**EXTRACTED INFORMATION**
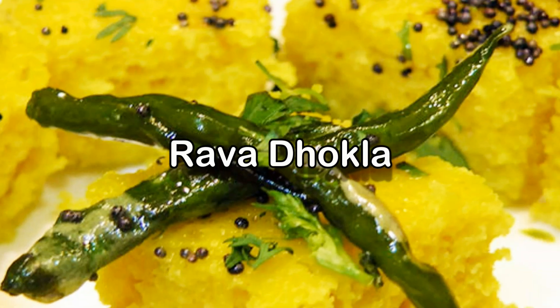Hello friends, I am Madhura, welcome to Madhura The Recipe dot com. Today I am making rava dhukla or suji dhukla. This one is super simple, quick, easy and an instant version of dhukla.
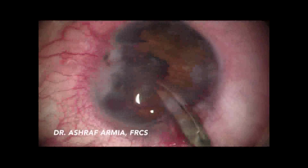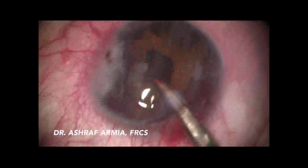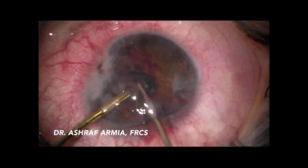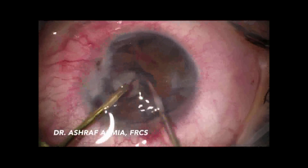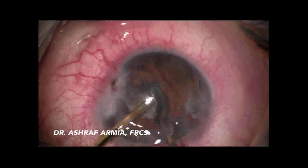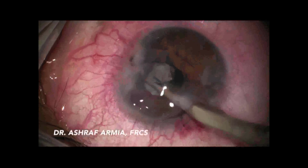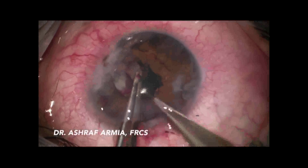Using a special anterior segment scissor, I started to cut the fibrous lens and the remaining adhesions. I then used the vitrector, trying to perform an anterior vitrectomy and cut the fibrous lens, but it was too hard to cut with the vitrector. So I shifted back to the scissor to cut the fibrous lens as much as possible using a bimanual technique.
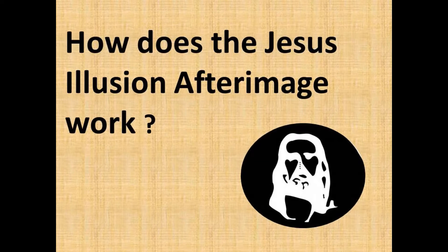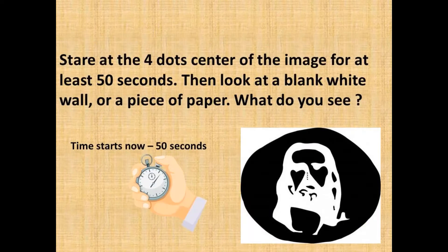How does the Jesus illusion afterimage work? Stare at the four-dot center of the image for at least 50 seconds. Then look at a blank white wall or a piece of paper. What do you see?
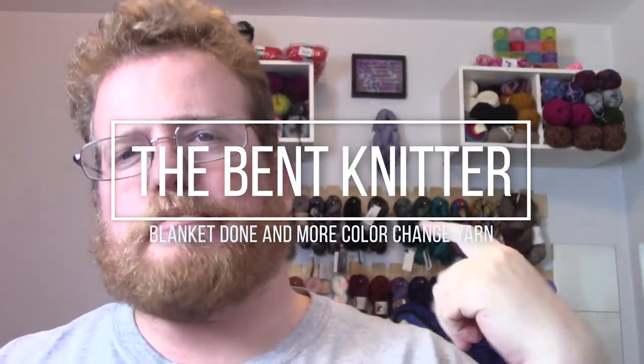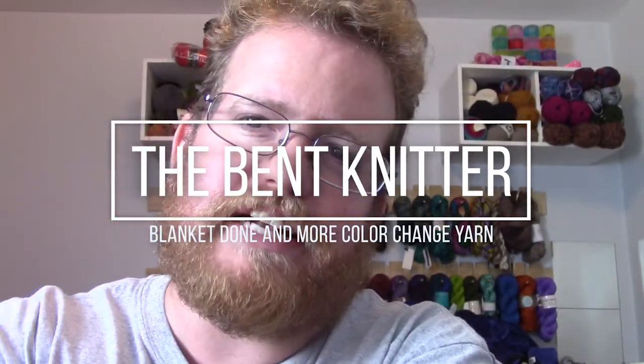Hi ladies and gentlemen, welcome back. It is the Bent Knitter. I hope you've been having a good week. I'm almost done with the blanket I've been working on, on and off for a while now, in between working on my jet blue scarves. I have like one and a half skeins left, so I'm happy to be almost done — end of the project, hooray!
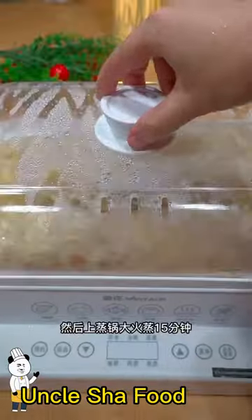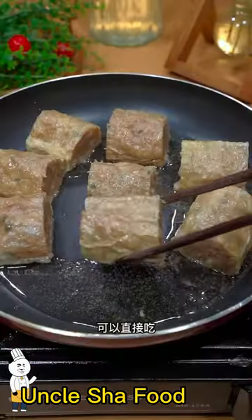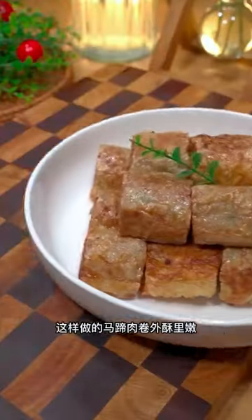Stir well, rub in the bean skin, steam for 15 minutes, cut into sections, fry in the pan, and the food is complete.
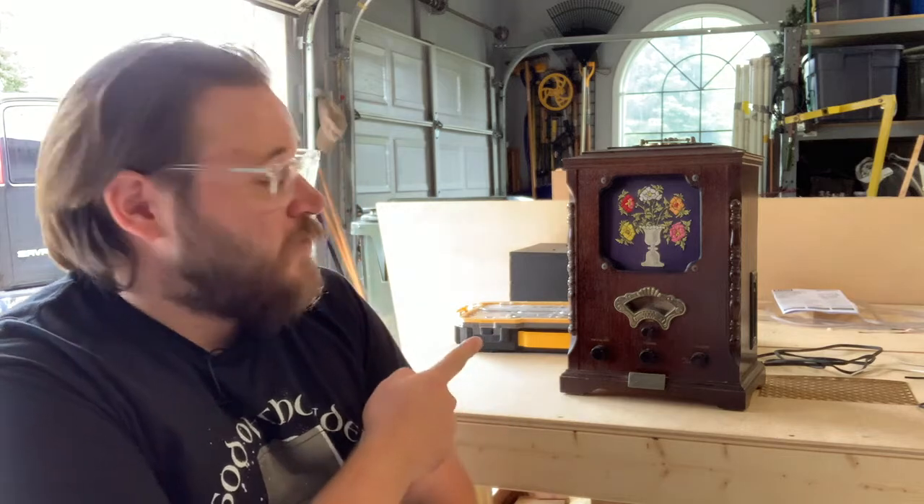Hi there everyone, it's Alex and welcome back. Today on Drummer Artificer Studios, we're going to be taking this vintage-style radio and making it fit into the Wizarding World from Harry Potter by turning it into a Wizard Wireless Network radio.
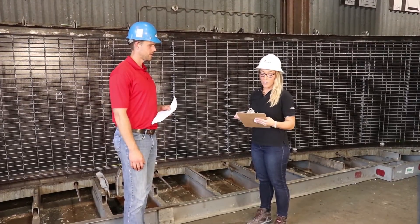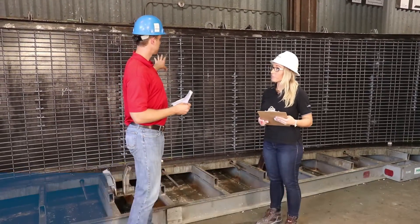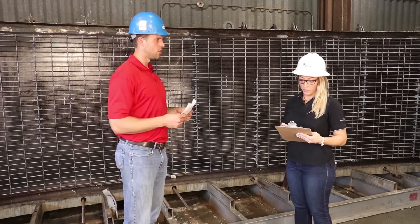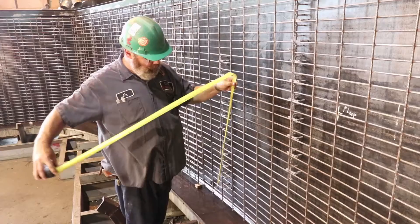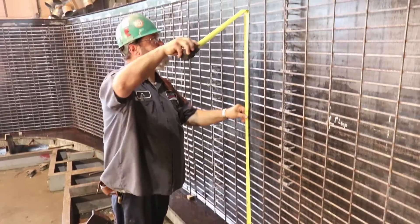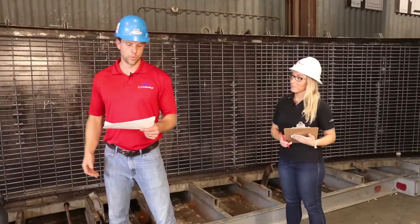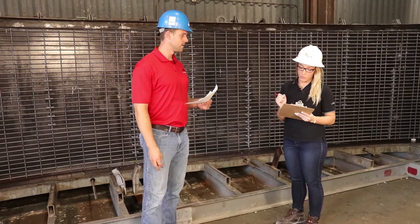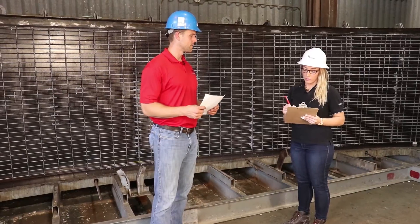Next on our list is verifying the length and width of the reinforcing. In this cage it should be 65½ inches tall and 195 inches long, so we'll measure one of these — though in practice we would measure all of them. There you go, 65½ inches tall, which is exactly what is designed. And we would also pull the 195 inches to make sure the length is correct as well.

...

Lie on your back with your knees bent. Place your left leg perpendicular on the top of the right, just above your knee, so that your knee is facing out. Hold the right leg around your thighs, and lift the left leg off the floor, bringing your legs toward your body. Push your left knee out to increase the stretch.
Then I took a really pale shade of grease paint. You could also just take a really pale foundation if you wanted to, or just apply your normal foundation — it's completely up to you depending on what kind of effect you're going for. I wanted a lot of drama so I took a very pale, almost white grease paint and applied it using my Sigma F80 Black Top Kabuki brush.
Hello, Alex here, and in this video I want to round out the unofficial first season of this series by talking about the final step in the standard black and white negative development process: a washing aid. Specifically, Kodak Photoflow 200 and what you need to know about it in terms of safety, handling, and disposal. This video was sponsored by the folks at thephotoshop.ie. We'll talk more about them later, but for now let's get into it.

==

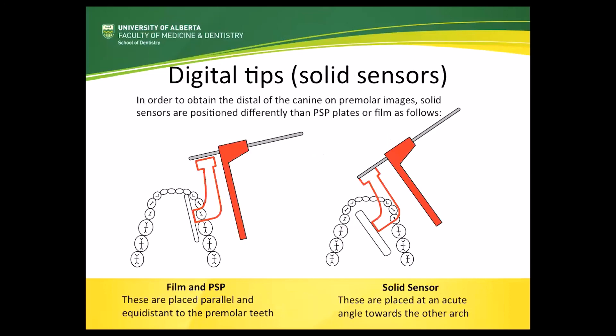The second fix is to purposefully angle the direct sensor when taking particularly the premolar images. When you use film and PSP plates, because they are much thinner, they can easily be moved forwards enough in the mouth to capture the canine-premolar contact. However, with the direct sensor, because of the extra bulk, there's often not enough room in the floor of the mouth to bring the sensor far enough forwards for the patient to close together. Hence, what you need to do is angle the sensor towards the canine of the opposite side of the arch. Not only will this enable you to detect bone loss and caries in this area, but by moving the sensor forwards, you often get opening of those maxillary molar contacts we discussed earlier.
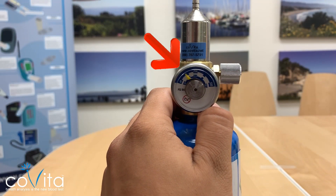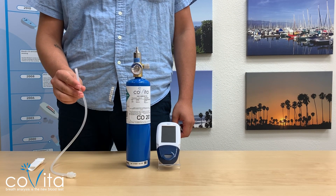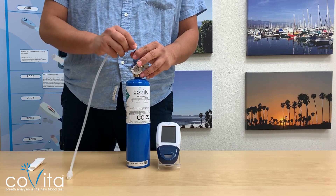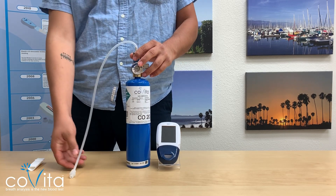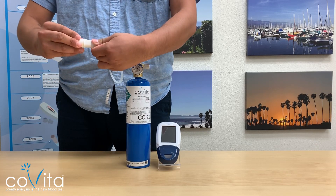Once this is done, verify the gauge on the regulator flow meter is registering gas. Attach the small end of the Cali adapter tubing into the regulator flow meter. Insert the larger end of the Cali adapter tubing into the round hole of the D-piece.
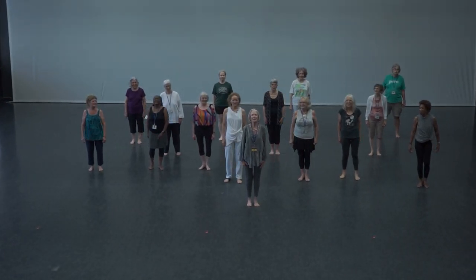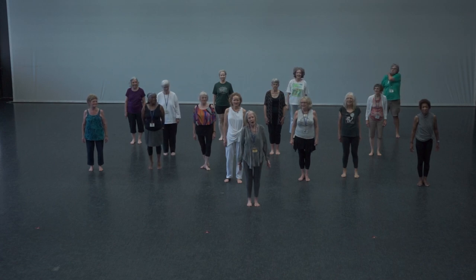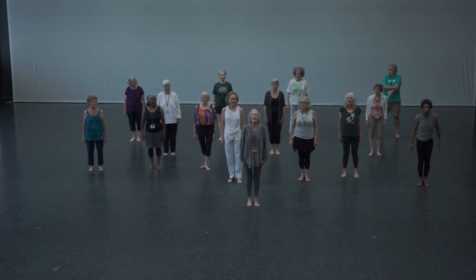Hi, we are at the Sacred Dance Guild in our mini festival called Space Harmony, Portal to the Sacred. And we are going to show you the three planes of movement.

**WHAT TO WORK ON**
Pictures in the material above should be skipped; print exactly the lines from the one with "Hello friends, I" through the one with "How does the".

**ANSWER TO THE EXERCISE**
Hello friends, I am Madhura, welcome to Madhura The Recipe dot com. Today I am making rava dhukla or suji dhukla. This one is super simple, quick, easy and an instant version of dhukla.
Using a special anterior segment scissor, I started to cut the fibrous lens and the remaining adhesions. I then used the vitrector, trying to perform an anterior vitrectomy and cut the fibrous lens, but it was too hard to cut with the vitrector. So I shifted back to the scissor to cut the fibrous lens as much as possible using a bimanual technique.
How does the Jesus illusion afterimage work? Stare at the four-dot center of the image for at least 50 seconds. Then look at a blank white wall or a piece of paper. What do you see?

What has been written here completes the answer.